EXERCISE AIM →
Go through the following data and transcribe exactly the stretch of lines from the one holding "Pulsera lisa ancha" to the one holding "Used 2018 Ford", both included.
━━ TASK DATA ━━
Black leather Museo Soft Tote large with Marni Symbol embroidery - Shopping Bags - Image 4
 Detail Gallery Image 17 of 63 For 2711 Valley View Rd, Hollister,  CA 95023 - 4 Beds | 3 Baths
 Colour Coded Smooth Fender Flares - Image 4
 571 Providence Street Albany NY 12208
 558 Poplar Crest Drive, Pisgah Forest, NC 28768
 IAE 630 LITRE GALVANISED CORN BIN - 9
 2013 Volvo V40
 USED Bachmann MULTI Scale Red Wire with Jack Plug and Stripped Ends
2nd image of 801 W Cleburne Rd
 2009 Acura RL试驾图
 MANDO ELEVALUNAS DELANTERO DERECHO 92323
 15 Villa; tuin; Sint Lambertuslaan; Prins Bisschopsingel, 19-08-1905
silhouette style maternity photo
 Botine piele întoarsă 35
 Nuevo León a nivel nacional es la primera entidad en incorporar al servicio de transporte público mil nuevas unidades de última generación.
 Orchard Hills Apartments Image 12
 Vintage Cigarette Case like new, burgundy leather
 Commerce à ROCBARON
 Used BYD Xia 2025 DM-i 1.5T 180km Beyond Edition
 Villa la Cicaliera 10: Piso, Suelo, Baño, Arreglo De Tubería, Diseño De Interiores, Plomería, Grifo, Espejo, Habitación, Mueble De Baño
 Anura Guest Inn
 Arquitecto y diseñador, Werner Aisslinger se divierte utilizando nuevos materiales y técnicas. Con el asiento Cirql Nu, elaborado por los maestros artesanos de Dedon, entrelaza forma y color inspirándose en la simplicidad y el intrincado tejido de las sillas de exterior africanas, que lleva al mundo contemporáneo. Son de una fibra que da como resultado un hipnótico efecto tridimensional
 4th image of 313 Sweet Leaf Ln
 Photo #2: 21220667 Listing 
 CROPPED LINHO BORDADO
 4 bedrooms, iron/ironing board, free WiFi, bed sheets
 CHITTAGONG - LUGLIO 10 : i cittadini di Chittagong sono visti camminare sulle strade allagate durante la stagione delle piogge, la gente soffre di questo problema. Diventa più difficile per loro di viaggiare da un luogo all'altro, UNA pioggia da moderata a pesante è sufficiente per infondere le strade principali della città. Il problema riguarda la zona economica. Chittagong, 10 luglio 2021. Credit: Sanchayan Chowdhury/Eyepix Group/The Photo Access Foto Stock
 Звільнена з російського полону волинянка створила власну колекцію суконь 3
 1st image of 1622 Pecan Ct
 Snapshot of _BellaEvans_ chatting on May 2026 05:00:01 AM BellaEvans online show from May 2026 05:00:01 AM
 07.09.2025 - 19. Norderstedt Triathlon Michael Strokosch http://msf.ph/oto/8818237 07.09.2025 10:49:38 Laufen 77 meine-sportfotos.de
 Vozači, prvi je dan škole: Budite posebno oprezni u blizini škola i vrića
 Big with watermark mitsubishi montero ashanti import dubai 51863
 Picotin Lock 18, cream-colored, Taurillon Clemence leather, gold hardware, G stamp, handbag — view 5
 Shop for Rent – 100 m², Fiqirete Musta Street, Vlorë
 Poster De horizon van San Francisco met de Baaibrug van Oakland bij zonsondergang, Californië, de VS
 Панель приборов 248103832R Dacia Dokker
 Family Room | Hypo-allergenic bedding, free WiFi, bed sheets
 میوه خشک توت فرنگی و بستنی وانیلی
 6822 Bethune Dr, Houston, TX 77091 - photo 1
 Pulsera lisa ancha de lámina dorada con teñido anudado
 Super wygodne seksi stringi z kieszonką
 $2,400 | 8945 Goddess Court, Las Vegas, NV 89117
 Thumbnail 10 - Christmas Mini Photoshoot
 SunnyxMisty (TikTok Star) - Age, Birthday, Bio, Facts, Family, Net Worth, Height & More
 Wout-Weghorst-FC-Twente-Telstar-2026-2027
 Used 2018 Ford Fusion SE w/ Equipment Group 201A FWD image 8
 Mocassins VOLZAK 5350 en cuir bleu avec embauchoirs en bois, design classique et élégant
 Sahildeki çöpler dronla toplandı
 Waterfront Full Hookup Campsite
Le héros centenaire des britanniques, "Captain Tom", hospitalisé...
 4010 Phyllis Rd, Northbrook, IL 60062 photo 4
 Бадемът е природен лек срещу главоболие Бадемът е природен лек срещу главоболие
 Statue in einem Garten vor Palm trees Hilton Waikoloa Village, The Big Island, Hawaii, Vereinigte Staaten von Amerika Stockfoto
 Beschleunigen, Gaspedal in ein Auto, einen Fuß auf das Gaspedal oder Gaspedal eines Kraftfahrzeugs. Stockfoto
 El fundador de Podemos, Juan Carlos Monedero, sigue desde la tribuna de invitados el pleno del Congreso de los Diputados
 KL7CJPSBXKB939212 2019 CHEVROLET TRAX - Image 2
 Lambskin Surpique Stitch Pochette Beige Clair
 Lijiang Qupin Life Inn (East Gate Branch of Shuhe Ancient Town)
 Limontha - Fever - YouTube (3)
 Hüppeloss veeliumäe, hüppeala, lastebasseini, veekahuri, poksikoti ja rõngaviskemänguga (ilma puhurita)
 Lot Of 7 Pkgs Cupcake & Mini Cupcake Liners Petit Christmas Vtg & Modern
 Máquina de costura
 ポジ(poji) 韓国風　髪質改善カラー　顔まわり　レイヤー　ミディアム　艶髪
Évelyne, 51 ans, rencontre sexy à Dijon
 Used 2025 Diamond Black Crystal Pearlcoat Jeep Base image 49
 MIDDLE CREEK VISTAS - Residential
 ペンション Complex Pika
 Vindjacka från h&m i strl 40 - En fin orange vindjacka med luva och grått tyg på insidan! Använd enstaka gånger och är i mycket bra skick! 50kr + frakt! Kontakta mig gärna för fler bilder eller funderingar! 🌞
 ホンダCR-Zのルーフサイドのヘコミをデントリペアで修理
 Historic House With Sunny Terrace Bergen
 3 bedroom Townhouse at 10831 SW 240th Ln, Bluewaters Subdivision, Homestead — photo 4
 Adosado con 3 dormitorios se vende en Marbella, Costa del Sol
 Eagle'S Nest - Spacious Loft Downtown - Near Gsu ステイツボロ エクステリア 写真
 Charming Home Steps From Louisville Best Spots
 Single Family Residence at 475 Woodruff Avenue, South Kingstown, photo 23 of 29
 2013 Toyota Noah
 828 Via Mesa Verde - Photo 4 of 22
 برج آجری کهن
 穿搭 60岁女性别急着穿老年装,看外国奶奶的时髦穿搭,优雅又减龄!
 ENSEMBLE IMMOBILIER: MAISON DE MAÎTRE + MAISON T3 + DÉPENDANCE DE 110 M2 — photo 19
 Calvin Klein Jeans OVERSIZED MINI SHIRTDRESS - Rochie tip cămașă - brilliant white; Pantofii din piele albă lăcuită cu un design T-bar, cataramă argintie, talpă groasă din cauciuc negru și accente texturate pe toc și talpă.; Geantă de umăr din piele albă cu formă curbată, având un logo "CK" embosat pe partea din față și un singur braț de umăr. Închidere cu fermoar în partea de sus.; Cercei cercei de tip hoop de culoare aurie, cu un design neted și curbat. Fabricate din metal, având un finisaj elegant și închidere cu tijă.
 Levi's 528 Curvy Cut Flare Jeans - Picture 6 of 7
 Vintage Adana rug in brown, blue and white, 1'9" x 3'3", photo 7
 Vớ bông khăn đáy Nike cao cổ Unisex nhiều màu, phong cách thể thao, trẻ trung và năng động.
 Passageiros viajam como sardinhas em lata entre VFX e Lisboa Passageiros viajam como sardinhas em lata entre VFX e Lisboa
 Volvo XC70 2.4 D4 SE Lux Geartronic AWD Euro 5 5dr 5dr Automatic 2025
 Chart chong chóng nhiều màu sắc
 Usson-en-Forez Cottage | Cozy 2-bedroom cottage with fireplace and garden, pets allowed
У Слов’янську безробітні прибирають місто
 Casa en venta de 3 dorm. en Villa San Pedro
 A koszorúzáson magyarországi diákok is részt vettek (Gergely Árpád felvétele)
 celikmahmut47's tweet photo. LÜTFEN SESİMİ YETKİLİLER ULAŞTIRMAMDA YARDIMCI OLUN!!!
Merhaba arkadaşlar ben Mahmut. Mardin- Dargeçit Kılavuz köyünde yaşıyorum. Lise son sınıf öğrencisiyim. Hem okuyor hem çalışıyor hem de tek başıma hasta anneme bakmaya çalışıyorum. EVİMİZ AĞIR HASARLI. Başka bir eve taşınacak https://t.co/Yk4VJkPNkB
━━━
TASK RESPONSE →
 Pulsera lisa ancha de lámina dorada con teñido anudado
 Super wygodne seksi stringi z kieszonką
 $2,400 | 8945 Goddess Court, Las Vegas, NV 89117
 Thumbnail 10 - Christmas Mini Photoshoot
 SunnyxMisty (TikTok Star) - Age, Birthday, Bio, Facts, Family, Net Worth, Height & More
 Wout-Weghorst-FC-Twente-Telstar-2026-2027
 Used 2018 Ford Fusion SE w/ Equipment Group 201A FWD image 8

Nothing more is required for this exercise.